*** Opening Data under study ***
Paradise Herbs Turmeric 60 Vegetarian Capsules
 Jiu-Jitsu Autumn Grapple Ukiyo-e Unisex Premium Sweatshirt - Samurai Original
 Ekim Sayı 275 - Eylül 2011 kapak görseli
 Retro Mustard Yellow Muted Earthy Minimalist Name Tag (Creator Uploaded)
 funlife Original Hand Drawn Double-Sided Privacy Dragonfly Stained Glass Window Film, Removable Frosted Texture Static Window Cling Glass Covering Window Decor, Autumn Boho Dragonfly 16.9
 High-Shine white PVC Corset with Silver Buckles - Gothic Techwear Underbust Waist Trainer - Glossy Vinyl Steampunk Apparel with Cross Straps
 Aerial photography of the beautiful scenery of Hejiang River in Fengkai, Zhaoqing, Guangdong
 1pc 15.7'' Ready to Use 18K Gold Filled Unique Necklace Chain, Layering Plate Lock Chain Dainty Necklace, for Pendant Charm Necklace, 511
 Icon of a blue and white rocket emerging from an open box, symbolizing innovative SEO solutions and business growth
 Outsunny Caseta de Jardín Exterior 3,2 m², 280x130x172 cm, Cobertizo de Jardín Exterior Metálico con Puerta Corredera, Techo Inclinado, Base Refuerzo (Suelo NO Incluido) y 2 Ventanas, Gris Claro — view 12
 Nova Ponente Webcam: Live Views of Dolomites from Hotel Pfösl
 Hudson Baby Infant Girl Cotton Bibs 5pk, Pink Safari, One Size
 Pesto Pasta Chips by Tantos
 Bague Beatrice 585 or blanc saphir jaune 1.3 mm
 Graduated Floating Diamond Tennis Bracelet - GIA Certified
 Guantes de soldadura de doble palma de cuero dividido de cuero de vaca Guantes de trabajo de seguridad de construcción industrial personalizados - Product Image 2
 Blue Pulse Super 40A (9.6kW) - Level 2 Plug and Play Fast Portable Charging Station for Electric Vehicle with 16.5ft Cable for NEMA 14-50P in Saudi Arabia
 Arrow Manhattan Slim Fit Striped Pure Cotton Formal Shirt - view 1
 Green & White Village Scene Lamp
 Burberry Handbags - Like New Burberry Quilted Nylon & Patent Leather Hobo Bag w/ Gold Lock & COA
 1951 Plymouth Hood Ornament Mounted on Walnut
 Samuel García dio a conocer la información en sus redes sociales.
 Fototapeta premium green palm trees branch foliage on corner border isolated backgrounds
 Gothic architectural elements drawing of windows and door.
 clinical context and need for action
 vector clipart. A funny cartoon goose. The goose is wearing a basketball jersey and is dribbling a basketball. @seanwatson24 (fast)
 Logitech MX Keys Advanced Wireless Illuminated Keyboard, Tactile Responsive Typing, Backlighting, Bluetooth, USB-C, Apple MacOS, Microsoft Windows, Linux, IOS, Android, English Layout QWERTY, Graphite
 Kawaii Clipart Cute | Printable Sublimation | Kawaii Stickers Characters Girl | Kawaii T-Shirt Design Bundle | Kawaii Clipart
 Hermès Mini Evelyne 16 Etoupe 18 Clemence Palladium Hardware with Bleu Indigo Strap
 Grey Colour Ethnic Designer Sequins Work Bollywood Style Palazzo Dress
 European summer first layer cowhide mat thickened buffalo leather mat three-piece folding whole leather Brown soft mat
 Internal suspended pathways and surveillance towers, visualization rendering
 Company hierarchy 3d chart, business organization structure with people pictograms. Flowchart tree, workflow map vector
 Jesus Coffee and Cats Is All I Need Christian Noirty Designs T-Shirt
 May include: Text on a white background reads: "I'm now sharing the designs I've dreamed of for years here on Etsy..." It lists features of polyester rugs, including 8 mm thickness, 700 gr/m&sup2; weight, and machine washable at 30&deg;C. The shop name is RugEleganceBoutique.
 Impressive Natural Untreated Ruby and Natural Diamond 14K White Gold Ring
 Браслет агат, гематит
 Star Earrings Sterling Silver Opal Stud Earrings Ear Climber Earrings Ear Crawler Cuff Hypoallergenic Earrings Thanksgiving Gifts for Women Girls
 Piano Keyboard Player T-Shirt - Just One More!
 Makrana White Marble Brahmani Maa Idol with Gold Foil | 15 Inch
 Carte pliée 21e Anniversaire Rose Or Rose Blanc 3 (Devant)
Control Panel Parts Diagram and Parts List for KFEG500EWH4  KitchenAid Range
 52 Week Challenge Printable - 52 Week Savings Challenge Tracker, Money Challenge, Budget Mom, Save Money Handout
*** Closing Data under study ***
From the records above, retype only the lines starting at the line that contains "Jiu-Jitsu Autumn Grapple" and ending at the line that contains "Green & White Village Scene Lamp", both included.

 Jiu-Jitsu Autumn Grapple Ukiyo-e Unisex Premium Sweatshirt - Samurai Original
 Ekim Sayı 275 - Eylül 2011 kapak görseli
 Retro Mustard Yellow Muted Earthy Minimalist Name Tag (Creator Uploaded)
 funlife Original Hand Drawn Double-Sided Privacy Dragonfly Stained Glass Window Film, Removable Frosted Texture Static Window Cling Glass Covering Window Decor, Autumn Boho Dragonfly 16.9
 High-Shine white PVC Corset with Silver Buckles - Gothic Techwear Underbust Waist Trainer - Glossy Vinyl Steampunk Apparel with Cross Straps
 Aerial photography of the beautiful scenery of Hejiang River in Fengkai, Zhaoqing, Guangdong
 1pc 15.7'' Ready to Use 18K Gold Filled Unique Necklace Chain, Layering Plate Lock Chain Dainty Necklace, for Pendant Charm Necklace, 511
 Icon of a blue and white rocket emerging from an open box, symbolizing innovative SEO solutions and business growth
 Outsunny Caseta de Jardín Exterior 3,2 m², 280x130x172 cm, Cobertizo de Jardín Exterior Metálico con Puerta Corredera, Techo Inclinado, Base Refuerzo (Suelo NO Incluido) y 2 Ventanas, Gris Claro — view 12
 Nova Ponente Webcam: Live Views of Dolomites from Hotel Pfösl
 Hudson Baby Infant Girl Cotton Bibs 5pk, Pink Safari, One Size
 Pesto Pasta Chips by Tantos
 Bague Beatrice 585 or blanc saphir jaune 1.3 mm
 Graduated Floating Diamond Tennis Bracelet - GIA Certified
 Guantes de soldadura de doble palma de cuero dividido de cuero de vaca Guantes de trabajo de seguridad de construcción industrial personalizados - Product Image 2
 Blue Pulse Super 40A (9.6kW) - Level 2 Plug and Play Fast Portable Charging Station for Electric Vehicle with 16.5ft Cable for NEMA 14-50P in Saudi Arabia
 Arrow Manhattan Slim Fit Striped Pure Cotton Formal Shirt - view 1
 Green & White Village Scene Lamp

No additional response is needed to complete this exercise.